== WORK TASK ==
Nothing but the text should be carried over: reproduce all the data exactly and leave out every image.

Extracted records:
**********

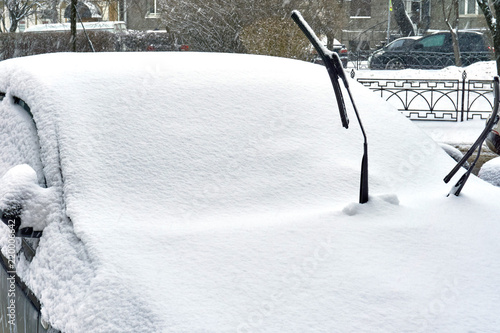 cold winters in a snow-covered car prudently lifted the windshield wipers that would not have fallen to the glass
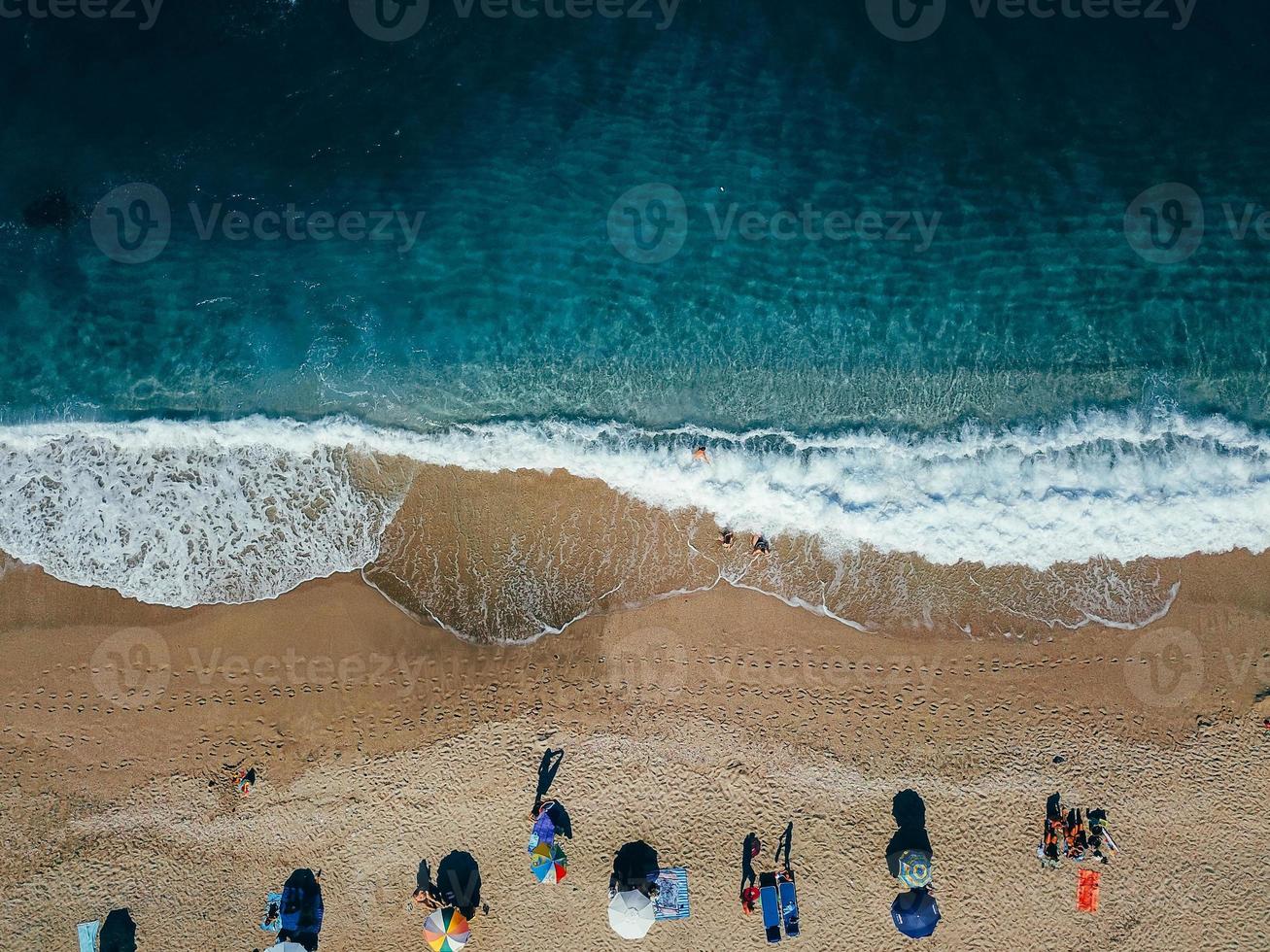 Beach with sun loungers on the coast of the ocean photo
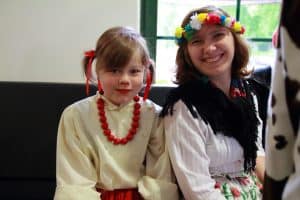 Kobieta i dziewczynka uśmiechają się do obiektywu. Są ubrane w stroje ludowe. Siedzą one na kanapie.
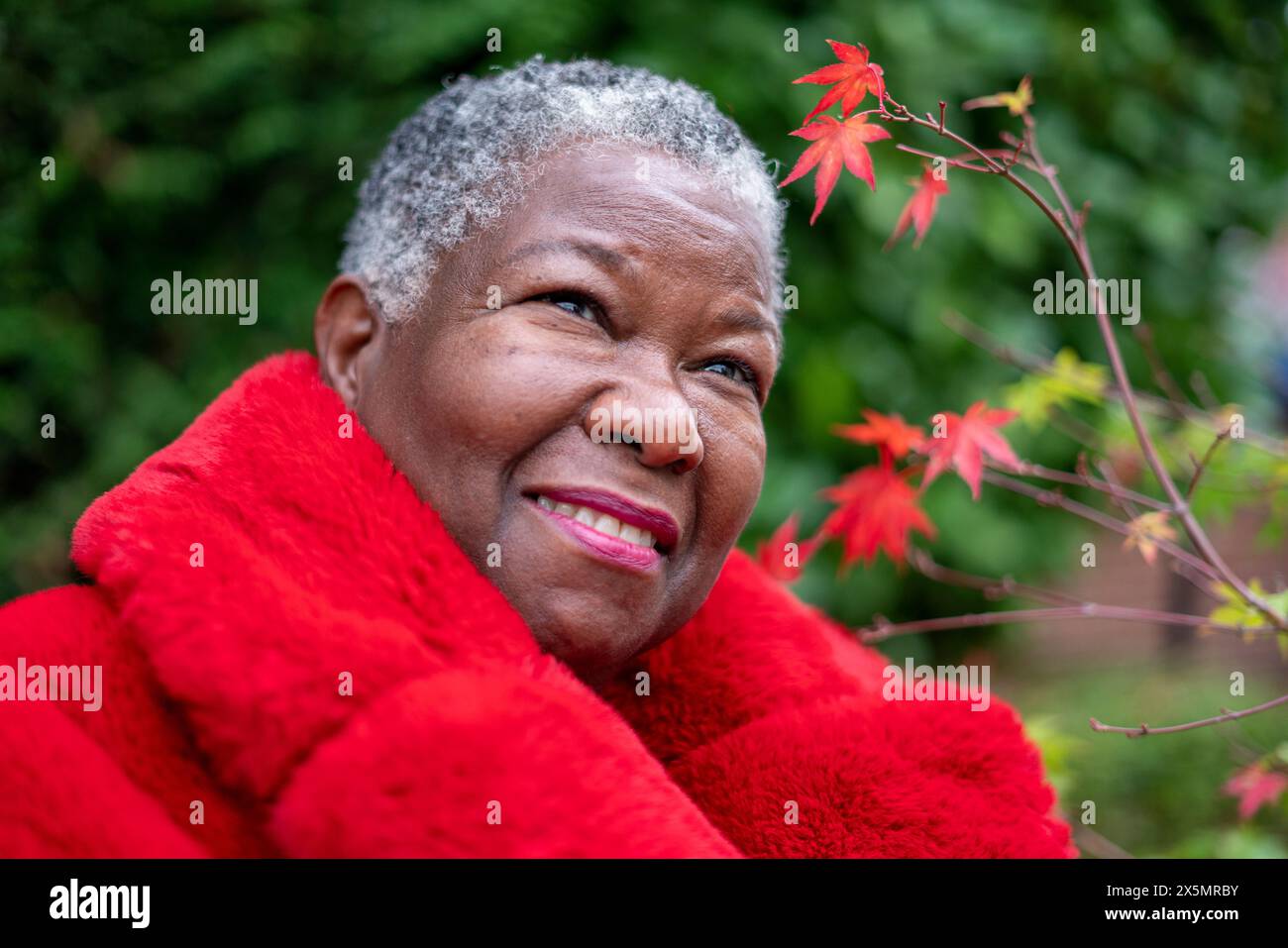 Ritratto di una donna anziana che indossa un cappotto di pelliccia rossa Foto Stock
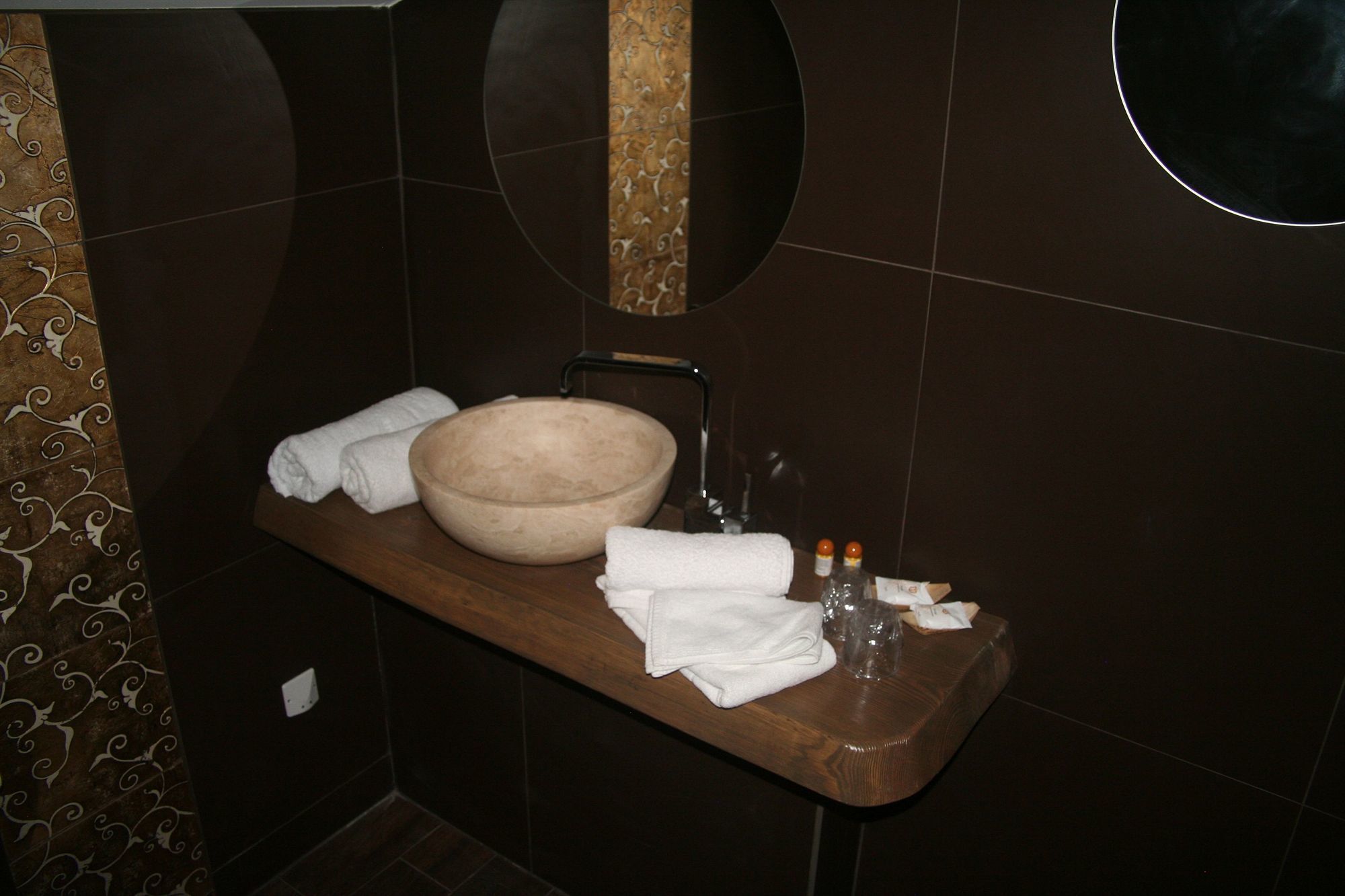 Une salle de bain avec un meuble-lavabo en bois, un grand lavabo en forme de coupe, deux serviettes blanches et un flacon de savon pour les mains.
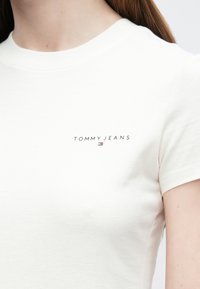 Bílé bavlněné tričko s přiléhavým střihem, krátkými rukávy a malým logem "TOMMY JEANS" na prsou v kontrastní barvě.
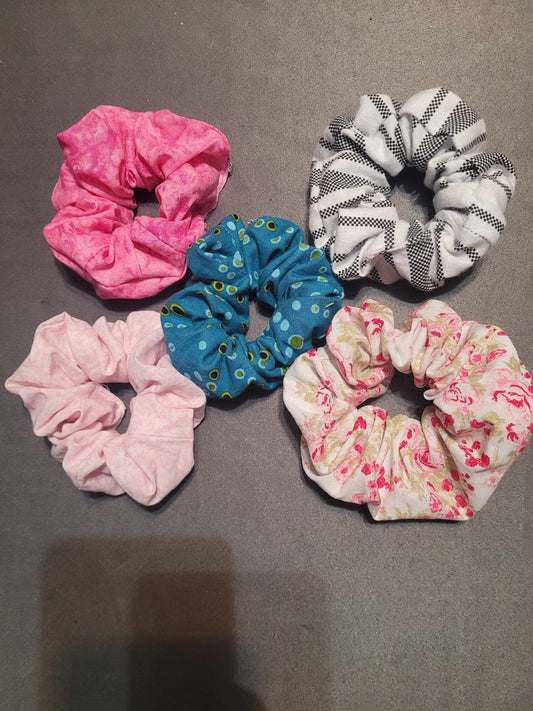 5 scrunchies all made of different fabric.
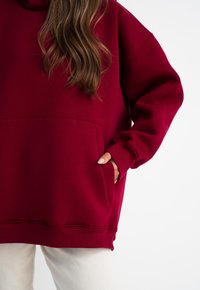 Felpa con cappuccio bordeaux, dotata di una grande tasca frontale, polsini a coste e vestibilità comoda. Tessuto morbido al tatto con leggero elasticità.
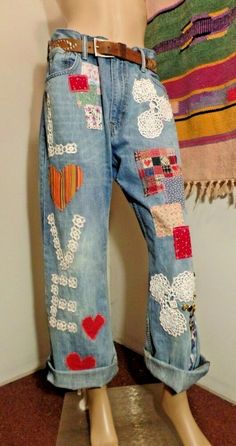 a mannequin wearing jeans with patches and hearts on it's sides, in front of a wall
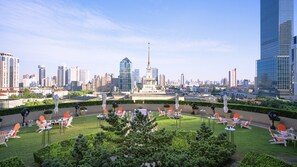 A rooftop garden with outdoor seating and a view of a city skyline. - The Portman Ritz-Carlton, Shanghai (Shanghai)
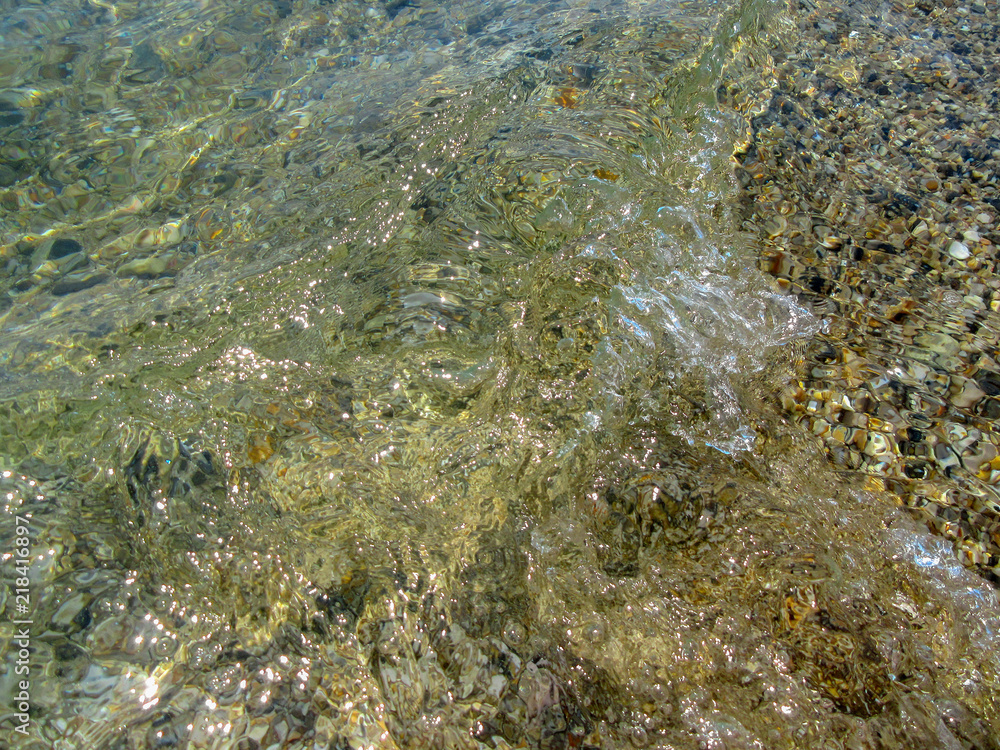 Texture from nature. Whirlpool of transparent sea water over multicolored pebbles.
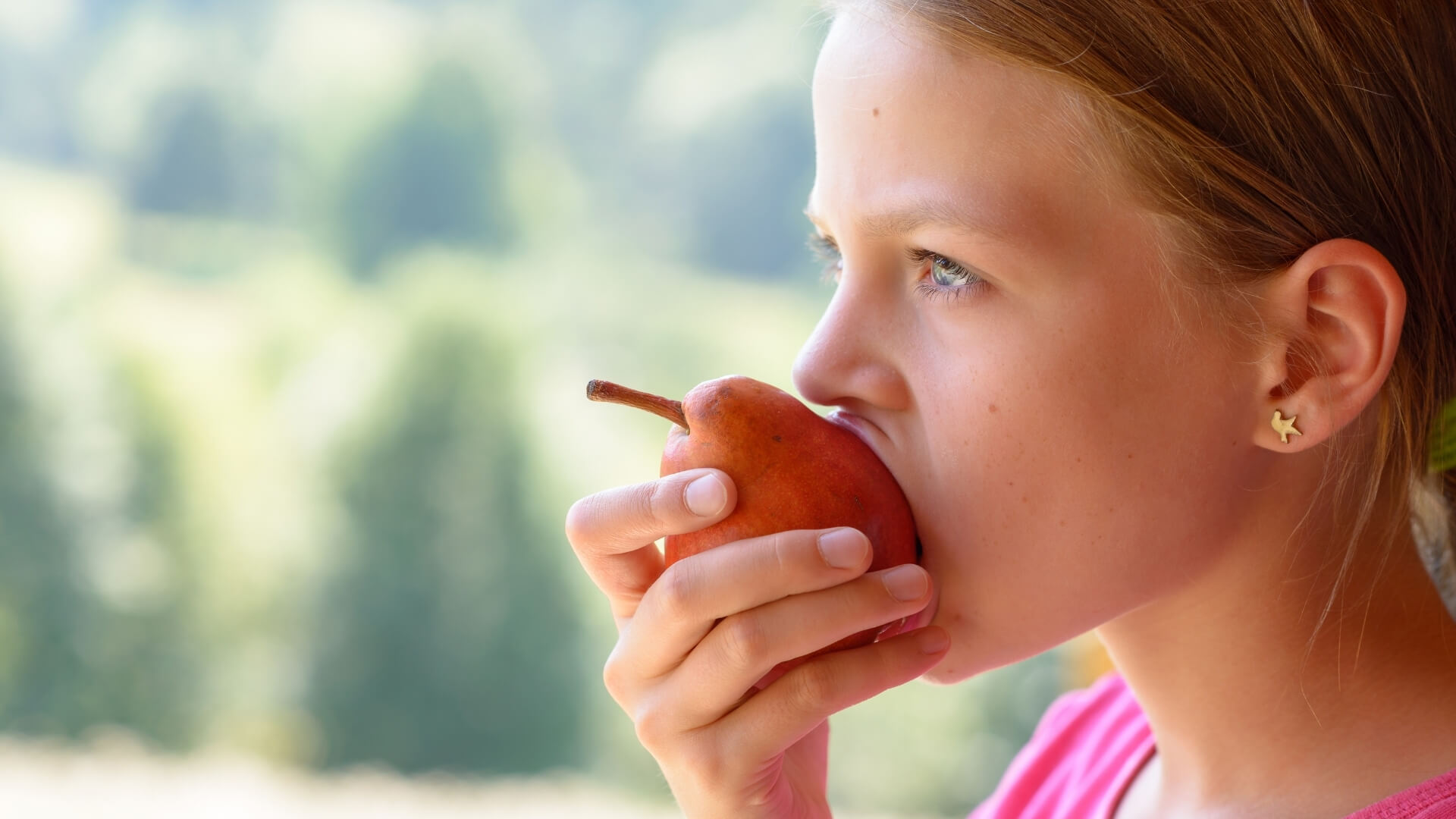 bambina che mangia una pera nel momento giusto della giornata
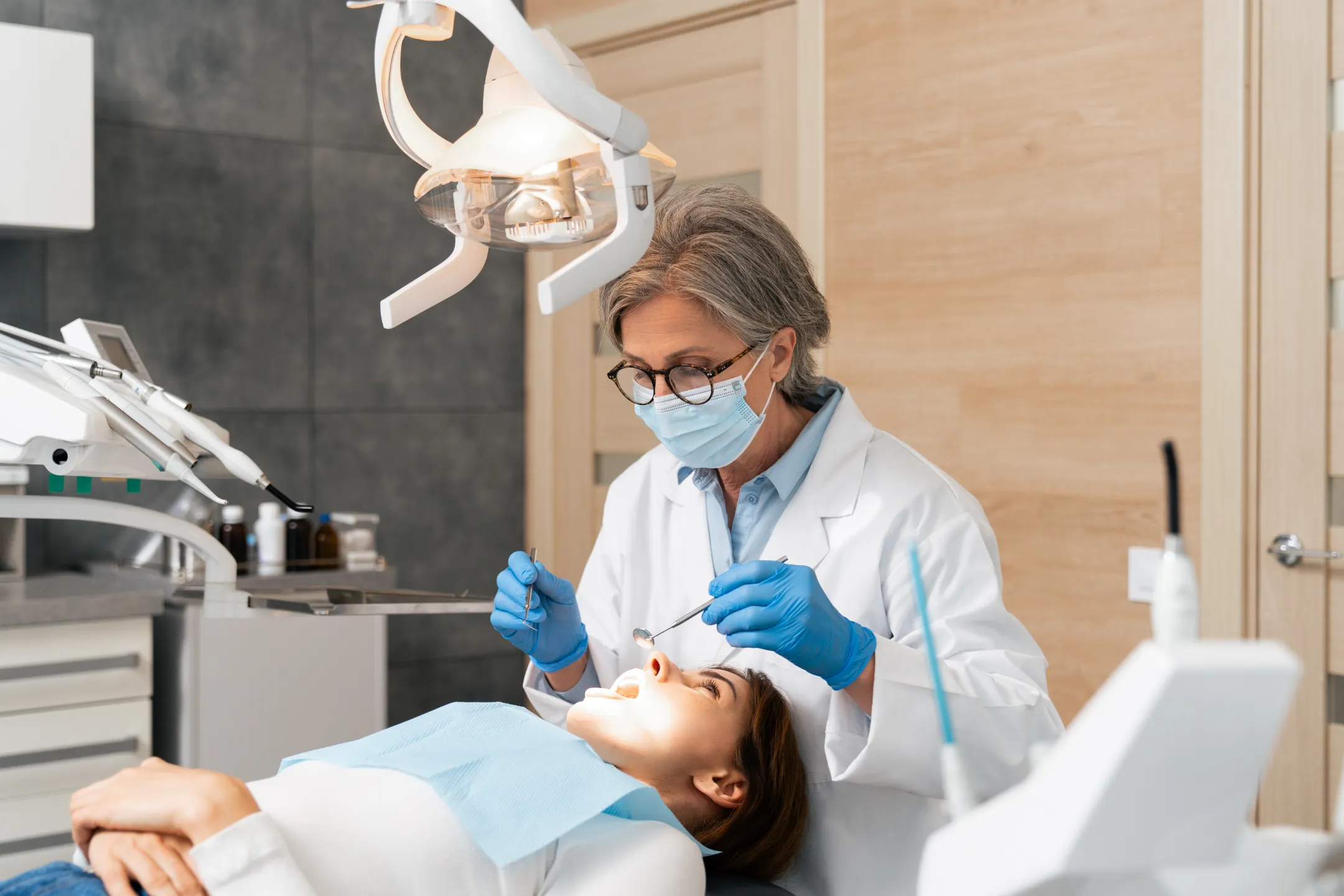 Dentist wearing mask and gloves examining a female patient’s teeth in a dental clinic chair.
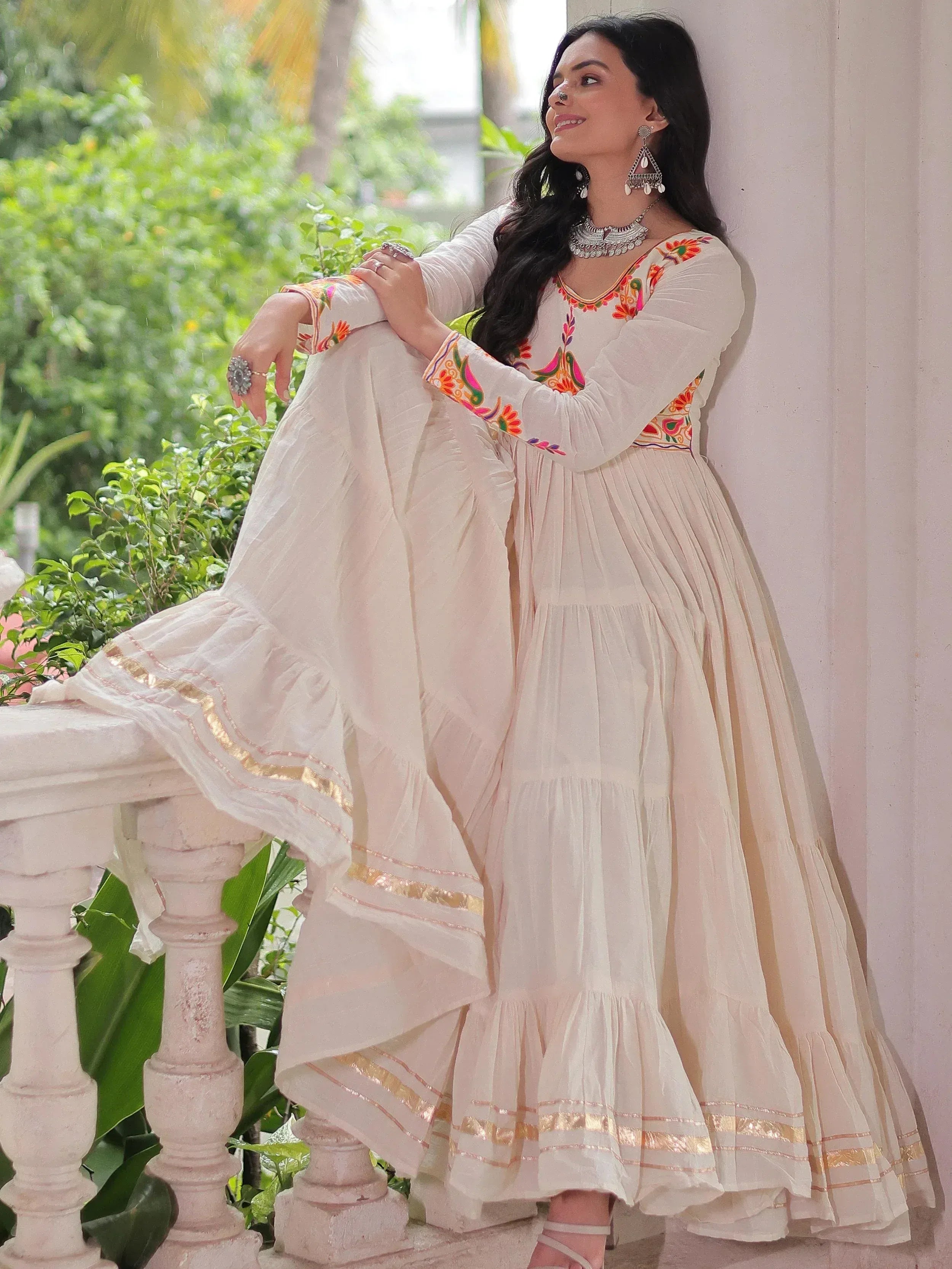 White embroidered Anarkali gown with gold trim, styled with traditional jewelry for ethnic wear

**********

== SOLUTION FOR THIS PROBLEM ==
 cold winters in a snow-covered car prudently lifted the windshield wipers that would not have fallen to the glass
 Beach with sun loungers on the coast of the ocean photo
 Kobieta i dziewczynka uśmiechają się do obiektywu. Są ubrane w stroje ludowe. Siedzą one na kanapie.
 Ritratto di una donna anziana che indossa un cappotto di pelliccia rossa Foto Stock
 Une salle de bain avec un meuble-lavabo en bois, un grand lavabo en forme de coupe, deux serviettes blanches et un flacon de savon pour les mains.
 Bílé bavlněné tričko s přiléhavým střihem, krátkými rukávy a malým logem "TOMMY JEANS" na prsou v kontrastní barvě.
 5 scrunchies all made of different fabric.
 Felpa con cappuccio bordeaux, dotata di una grande tasca frontale, polsini a coste e vestibilità comoda. Tessuto morbido al tatto con leggero elasticità.
 a mannequin wearing jeans with patches and hearts on it's sides, in front of a wall
 A rooftop garden with outdoor seating and a view of a city skyline. - The Portman Ritz-Carlton, Shanghai (Shanghai)
 Texture from nature. Whirlpool of transparent sea water over multicolored pebbles.
 bambina che mangia una pera nel momento giusto della giornata
 Dentist wearing mask and gloves examining a female patient’s teeth in a dental clinic chair.
 White embroidered Anarkali gown with gold trim, styled with traditional jewelry for ethnic wear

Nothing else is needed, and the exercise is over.